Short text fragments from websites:
-*-

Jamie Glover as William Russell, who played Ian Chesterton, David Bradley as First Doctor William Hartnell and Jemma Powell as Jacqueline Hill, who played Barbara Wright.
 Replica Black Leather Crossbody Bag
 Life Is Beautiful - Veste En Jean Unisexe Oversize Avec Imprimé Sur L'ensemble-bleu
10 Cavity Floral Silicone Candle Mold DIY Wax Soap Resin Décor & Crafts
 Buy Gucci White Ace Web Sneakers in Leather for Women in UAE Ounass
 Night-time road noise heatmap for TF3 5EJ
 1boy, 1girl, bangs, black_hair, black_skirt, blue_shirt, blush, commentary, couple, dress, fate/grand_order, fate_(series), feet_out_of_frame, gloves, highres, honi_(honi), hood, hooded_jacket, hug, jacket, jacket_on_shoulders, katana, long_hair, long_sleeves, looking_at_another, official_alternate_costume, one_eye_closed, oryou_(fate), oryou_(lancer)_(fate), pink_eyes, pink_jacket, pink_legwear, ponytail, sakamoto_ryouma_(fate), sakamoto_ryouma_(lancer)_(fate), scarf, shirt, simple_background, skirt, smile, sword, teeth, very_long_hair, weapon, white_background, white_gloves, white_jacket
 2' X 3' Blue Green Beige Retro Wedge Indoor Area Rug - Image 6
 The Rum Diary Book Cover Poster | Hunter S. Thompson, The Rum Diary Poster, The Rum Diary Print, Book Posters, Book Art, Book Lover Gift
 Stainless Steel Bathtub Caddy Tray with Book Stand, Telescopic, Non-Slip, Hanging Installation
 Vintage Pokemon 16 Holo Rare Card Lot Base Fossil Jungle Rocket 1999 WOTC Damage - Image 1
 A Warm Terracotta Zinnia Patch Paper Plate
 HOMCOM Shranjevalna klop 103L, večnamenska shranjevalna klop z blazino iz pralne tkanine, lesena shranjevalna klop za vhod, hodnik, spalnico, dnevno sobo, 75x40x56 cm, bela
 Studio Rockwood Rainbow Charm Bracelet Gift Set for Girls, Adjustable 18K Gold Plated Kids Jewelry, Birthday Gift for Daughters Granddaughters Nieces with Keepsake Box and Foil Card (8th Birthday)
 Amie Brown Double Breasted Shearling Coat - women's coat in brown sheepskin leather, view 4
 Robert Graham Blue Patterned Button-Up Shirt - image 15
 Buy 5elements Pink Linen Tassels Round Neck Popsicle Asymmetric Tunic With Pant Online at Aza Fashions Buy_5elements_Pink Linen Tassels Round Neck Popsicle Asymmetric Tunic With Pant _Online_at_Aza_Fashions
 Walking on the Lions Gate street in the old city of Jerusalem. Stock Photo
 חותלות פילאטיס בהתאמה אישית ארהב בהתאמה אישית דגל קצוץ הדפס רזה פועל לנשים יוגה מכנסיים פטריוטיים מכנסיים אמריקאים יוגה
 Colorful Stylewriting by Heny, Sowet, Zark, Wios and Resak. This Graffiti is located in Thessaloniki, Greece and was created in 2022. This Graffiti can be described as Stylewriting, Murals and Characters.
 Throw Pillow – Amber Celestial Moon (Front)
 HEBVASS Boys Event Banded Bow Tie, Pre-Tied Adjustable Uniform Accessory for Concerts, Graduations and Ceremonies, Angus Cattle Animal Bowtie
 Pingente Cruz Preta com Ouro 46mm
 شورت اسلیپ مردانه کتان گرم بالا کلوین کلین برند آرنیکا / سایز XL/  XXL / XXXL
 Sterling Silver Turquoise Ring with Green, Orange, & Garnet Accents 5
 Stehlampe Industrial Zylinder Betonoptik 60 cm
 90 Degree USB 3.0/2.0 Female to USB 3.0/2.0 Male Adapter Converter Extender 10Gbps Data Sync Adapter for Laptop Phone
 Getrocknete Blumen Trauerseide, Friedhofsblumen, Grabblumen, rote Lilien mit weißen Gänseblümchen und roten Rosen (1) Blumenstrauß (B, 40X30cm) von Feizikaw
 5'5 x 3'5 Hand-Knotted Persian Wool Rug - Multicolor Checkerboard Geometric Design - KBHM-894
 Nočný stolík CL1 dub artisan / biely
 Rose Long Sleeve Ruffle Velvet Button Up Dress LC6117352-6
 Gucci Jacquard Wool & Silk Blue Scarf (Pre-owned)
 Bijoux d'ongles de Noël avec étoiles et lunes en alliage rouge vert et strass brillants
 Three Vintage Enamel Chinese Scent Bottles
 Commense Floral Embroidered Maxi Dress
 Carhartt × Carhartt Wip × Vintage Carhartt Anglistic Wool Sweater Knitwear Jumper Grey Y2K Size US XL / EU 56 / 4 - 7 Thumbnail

-*-

The lines running from the start of the data through the one that contains "10 Cavity Floral" should be reproduced exactly, and only those.

Task response:
Jamie Glover as William Russell, who played Ian Chesterton, David Bradley as First Doctor William Hartnell and Jemma Powell as Jacqueline Hill, who played Barbara Wright.
 Replica Black Leather Crossbody Bag
 Life Is Beautiful - Veste En Jean Unisexe Oversize Avec Imprimé Sur L'ensemble-bleu
10 Cavity Floral Silicone Candle Mold DIY Wax Soap Resin Décor & Crafts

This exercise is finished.